● Data supplied:

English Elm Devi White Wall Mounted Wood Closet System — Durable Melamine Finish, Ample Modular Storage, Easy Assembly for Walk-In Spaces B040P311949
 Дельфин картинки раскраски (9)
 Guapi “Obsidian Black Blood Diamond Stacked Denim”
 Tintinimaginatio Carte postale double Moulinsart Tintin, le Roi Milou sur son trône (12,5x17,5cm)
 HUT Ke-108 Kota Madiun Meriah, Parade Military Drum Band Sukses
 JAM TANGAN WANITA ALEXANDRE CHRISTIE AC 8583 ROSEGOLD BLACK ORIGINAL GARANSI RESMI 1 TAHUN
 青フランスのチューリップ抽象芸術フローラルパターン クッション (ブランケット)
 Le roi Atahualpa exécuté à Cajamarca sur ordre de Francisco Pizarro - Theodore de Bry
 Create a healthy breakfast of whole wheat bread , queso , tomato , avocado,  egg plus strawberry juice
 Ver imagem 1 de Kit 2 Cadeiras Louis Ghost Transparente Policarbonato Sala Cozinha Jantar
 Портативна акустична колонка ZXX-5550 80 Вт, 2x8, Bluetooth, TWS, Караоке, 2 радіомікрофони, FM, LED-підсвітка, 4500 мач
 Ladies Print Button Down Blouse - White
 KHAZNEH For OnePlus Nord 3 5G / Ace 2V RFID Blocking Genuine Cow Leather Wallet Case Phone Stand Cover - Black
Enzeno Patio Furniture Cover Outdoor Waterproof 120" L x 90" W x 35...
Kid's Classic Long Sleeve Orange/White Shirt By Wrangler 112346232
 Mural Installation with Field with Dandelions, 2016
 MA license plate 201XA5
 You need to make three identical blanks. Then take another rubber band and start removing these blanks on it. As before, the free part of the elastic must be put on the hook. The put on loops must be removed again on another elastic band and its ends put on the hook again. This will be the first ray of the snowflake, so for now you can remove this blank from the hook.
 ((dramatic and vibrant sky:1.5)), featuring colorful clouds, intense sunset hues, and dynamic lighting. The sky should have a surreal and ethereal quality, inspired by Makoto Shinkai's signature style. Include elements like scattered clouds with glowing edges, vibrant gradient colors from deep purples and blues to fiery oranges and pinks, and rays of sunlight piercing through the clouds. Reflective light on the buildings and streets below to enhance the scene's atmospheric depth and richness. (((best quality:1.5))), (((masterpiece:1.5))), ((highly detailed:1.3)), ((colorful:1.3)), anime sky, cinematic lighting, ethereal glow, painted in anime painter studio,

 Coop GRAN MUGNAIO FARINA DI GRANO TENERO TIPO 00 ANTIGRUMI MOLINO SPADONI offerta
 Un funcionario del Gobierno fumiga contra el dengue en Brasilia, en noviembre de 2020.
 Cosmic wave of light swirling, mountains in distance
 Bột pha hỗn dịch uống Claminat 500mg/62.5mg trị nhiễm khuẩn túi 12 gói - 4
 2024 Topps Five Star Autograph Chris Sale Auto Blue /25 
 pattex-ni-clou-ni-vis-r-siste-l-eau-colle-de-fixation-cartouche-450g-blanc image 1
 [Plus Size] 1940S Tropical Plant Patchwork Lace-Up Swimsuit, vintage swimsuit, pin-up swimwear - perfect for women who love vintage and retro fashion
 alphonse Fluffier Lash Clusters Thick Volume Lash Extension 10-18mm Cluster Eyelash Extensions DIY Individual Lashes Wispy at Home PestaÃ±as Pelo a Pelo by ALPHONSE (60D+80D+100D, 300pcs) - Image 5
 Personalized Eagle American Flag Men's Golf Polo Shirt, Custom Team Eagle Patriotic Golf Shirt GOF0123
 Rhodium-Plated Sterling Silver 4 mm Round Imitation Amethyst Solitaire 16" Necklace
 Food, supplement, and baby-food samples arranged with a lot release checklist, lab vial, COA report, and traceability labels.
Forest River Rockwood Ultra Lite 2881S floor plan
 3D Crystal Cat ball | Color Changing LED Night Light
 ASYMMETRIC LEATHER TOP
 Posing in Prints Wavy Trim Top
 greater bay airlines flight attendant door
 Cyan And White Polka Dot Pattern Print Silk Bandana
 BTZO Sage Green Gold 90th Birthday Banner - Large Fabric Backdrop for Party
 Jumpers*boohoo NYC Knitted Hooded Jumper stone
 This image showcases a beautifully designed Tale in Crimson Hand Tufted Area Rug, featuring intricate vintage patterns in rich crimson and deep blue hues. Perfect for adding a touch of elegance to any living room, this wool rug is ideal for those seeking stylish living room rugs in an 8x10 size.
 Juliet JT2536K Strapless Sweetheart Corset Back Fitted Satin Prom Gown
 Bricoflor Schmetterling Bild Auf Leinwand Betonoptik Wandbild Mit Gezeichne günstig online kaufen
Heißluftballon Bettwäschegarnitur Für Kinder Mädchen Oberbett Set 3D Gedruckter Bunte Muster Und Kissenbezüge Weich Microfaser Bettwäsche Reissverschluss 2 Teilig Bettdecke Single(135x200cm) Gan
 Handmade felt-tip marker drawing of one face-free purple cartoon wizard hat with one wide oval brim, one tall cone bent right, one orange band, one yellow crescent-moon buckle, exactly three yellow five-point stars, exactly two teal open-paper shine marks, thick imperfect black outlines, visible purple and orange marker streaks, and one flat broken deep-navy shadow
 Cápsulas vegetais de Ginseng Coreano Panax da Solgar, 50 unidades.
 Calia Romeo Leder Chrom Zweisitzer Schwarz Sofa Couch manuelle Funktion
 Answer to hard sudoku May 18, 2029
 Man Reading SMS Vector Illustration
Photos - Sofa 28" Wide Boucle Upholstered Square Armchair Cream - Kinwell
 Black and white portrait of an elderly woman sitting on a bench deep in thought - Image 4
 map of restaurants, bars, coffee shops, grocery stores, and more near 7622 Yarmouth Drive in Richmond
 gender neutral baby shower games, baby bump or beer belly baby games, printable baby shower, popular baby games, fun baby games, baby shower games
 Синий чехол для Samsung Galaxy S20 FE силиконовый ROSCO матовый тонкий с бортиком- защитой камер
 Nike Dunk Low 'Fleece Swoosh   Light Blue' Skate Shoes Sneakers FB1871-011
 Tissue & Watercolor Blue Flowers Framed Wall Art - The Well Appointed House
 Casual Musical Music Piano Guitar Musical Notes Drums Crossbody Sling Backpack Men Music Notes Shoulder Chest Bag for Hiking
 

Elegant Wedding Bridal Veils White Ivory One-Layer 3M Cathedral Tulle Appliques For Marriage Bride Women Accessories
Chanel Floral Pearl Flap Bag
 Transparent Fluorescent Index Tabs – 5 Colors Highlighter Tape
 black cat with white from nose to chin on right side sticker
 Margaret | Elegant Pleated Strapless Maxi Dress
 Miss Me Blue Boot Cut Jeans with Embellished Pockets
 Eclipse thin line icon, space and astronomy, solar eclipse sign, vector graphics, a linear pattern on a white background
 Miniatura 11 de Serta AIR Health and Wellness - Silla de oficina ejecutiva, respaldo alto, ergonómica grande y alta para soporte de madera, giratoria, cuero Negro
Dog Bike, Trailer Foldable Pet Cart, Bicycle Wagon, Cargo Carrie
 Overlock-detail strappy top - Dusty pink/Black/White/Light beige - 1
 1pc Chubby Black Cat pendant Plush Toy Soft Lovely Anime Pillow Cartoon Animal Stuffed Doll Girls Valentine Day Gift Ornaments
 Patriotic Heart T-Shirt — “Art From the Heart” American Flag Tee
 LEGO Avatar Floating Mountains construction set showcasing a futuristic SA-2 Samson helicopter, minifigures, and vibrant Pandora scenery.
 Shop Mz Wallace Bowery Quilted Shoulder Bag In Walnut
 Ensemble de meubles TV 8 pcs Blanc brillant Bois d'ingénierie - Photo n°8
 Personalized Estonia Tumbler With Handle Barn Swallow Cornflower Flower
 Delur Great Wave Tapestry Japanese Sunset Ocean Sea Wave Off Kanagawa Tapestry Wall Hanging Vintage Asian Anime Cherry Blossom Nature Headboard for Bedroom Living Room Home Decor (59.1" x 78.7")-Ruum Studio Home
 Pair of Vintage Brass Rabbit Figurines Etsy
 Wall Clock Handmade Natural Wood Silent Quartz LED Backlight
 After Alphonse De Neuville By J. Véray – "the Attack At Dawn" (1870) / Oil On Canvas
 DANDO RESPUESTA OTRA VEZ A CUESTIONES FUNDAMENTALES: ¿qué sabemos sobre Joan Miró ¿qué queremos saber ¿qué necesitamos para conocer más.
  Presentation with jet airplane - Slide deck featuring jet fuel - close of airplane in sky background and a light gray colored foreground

● Task description: Repeat the entries above verbatim, but only from the line that has "Un funcionario del" down to the line that has "[Plus Size] 1940S", inclusive.

● Your solution:
 Un funcionario del Gobierno fumiga contra el dengue en Brasilia, en noviembre de 2020.
 Cosmic wave of light swirling, mountains in distance
 Bột pha hỗn dịch uống Claminat 500mg/62.5mg trị nhiễm khuẩn túi 12 gói - 4
 2024 Topps Five Star Autograph Chris Sale Auto Blue /25 
 pattex-ni-clou-ni-vis-r-siste-l-eau-colle-de-fixation-cartouche-450g-blanc image 1
 [Plus Size] 1940S Tropical Plant Patchwork Lace-Up Swimsuit, vintage swimsuit, pin-up swimwear - perfect for women who love vintage and retro fashion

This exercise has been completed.